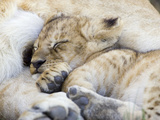 African Lion (Panthera Leo)Cub Playing with Adult Male, Vulnerable, Masai Mara Nat'l Reserve, Kenya Photographic Print by Suzi Eszterhas/Minden Pictures
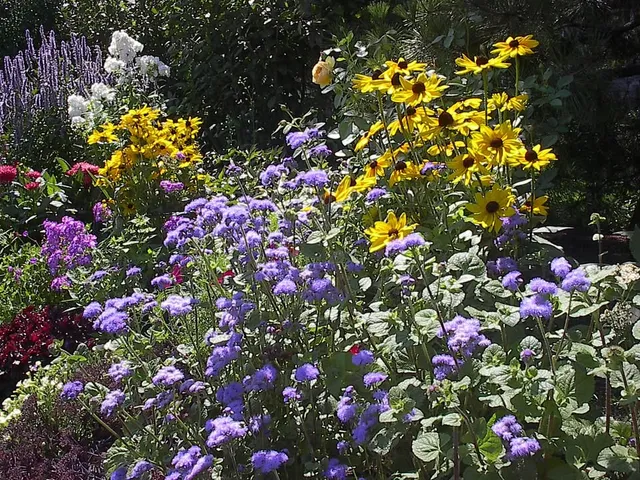 Perennial Solutions work photo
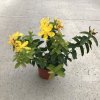 Hypericum calycinum  Třezalka kalíškatá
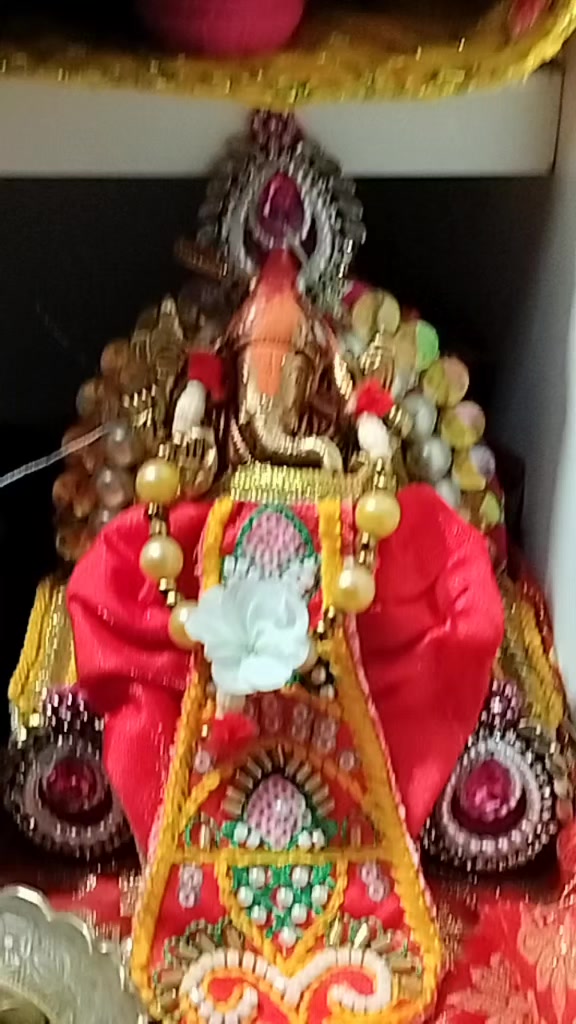 @Anjani Thakur🌻🌻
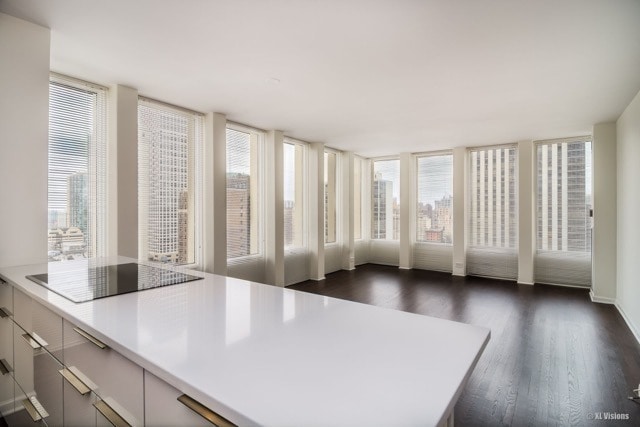 100 E Walton St Unit 22H, Chicago, IL 60611 - photo 5
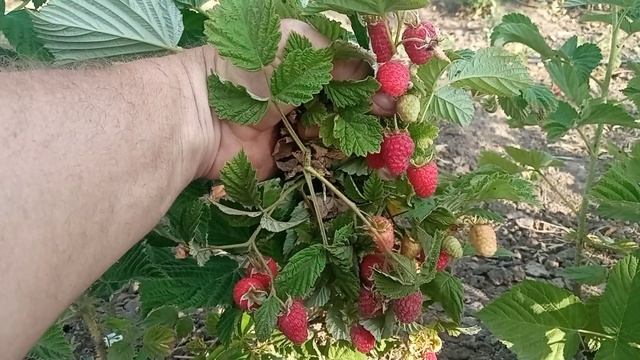 Летний сорт малины Соколица. смотреть онлайн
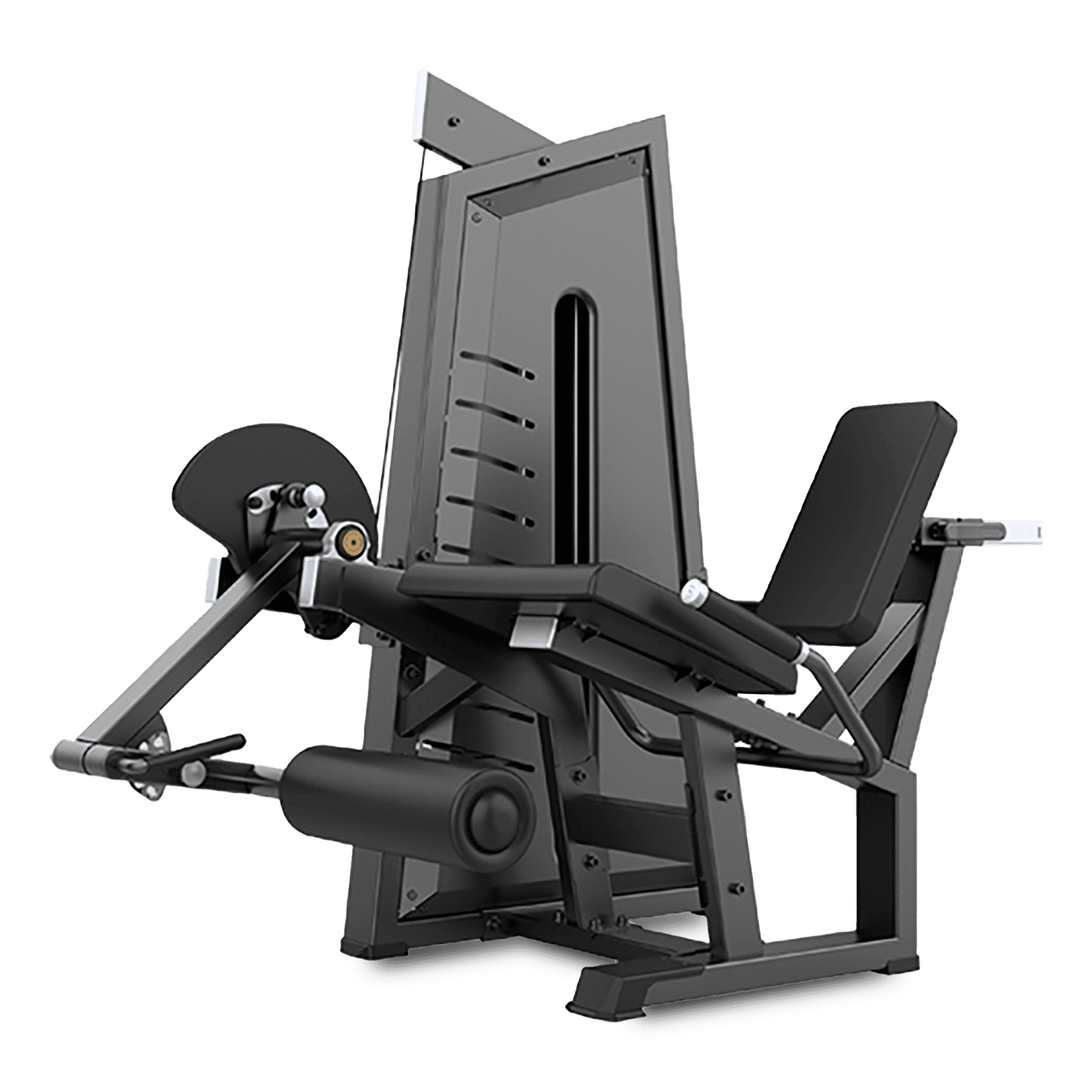 Extension de Pierna TS02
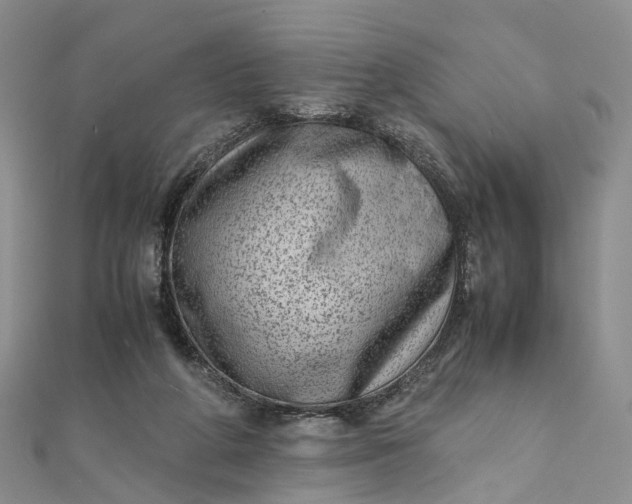 X0000111920210200908101228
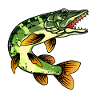 pike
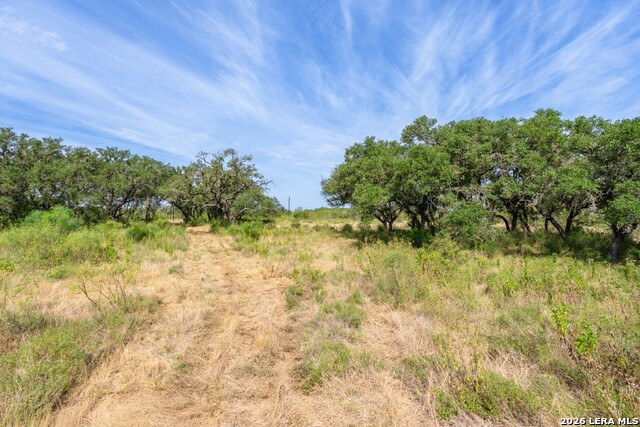 1400 Utopia Forrest Property Photo 1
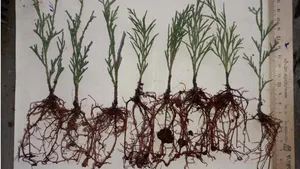 Modification of Kornevin Growth Powder for The Purposes of Root Formation in Semi-Lignified Cuttings of Juníperus Sabína L.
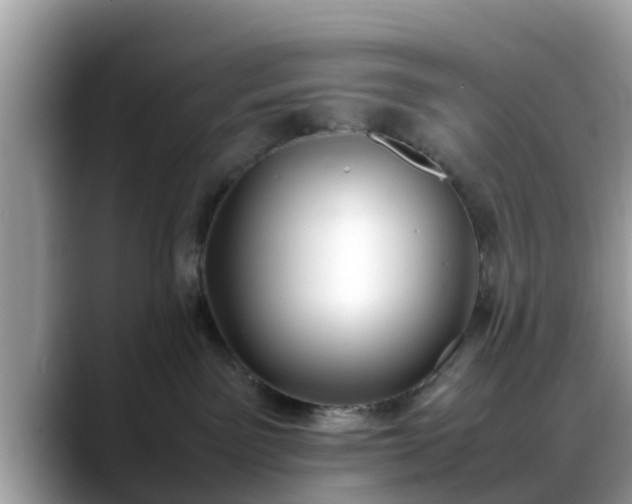 X0000088680141200706071434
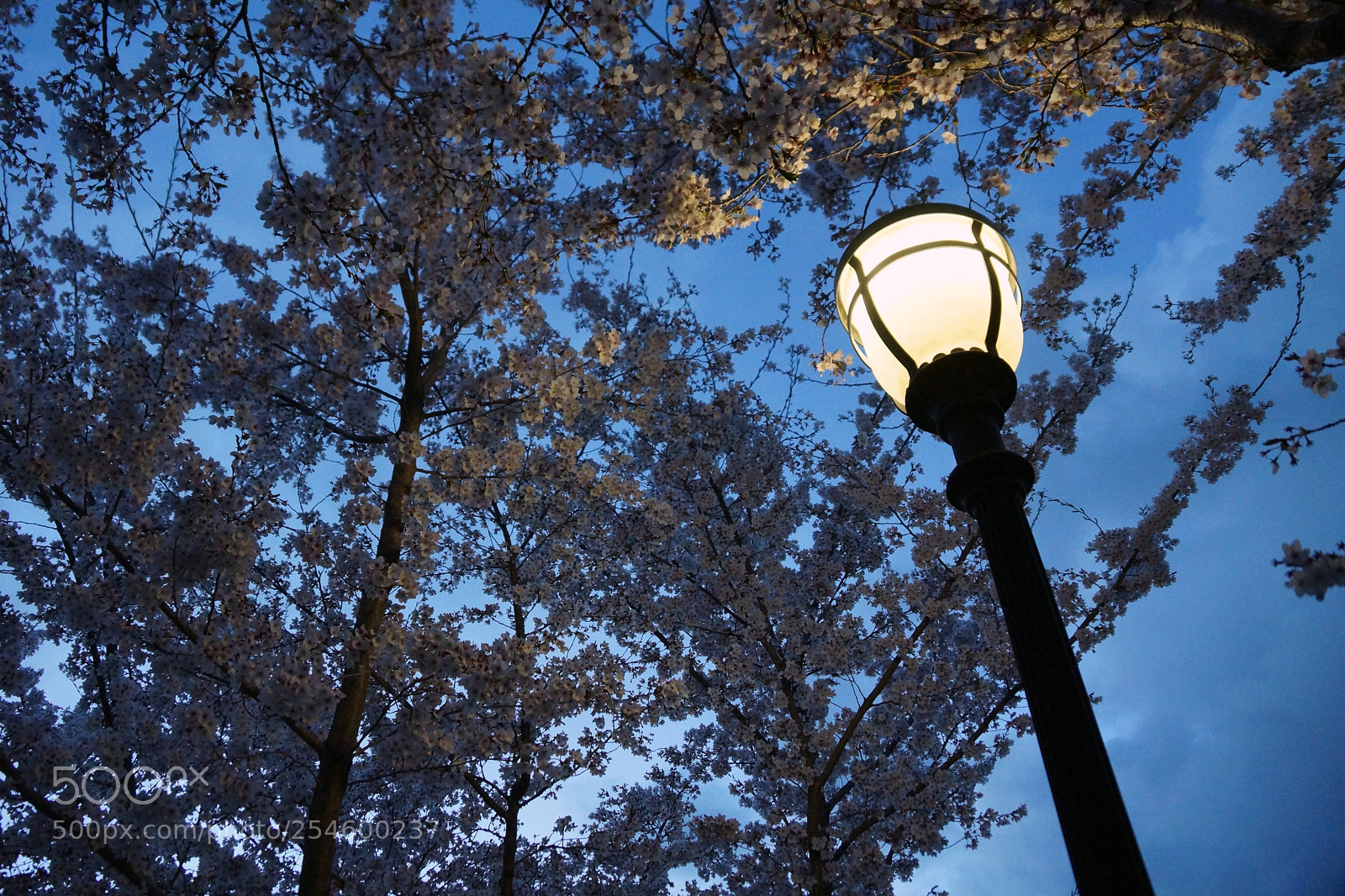 Sony SLT-A77 sample photo. The light that glows photography
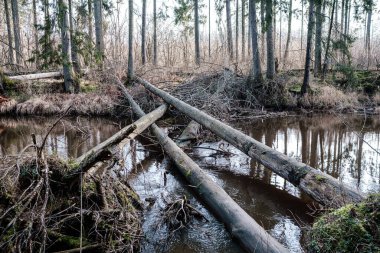 Sonbaharda ormandaki pitoresk nehir. Vahşi doğa, insan yok ve yaşlı kuru ağaç gövdeleri nehre düşmüş. Letonya 'da toplumdan izole edilmiş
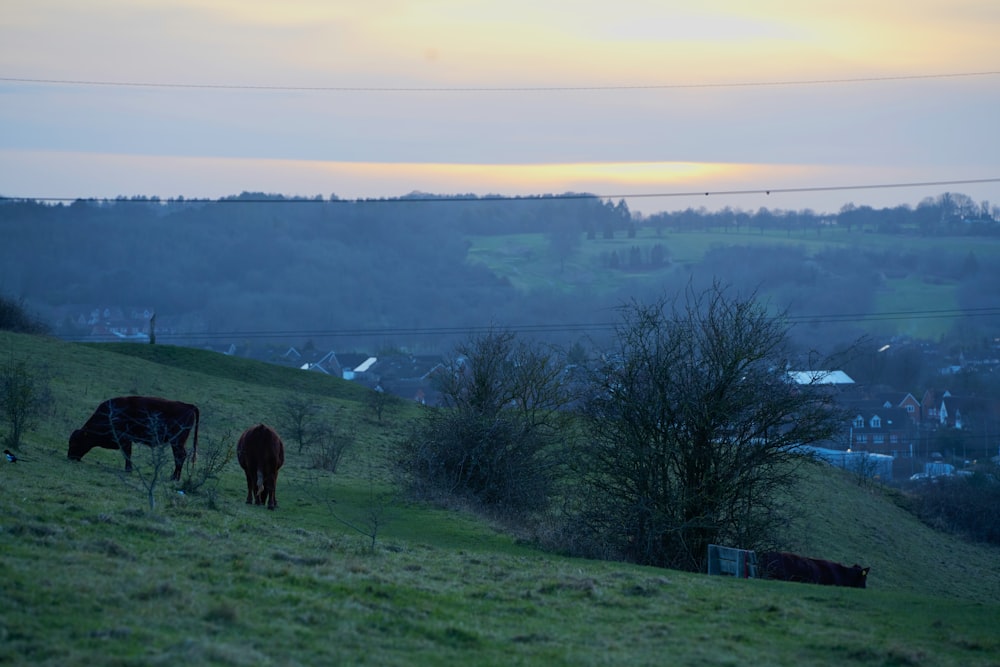 a couple of cows grazing on a lush green hillside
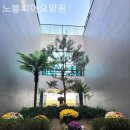노블피아 요양원 | 쾌적하고 시설좋은 노블피아요양원 솔직후기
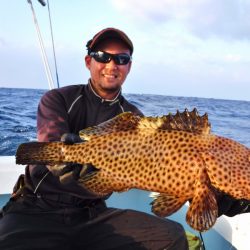 ＫＹＯＥＩⅢ 釣果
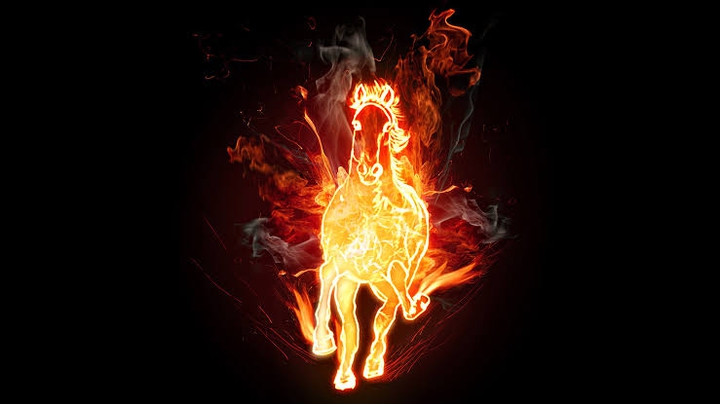 Horse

----

■ PROBLEM ■
With pictures left out, repeat exactly the lines from the line bearing "Sony SLT-A77 sample" through the final line of the records above.

■ TASK RESPONSE ■
 Sony SLT-A77 sample photo. The light that glows photography
 Sonbaharda ormandaki pitoresk nehir. Vahşi doğa, insan yok ve yaşlı kuru ağaç gövdeleri nehre düşmüş. Letonya 'da toplumdan izole edilmiş
 a couple of cows grazing on a lush green hillside
노블피아 요양원 | 쾌적하고 시설좋은 노블피아요양원 솔직후기
 ＫＹＯＥＩⅢ 釣果
 Horse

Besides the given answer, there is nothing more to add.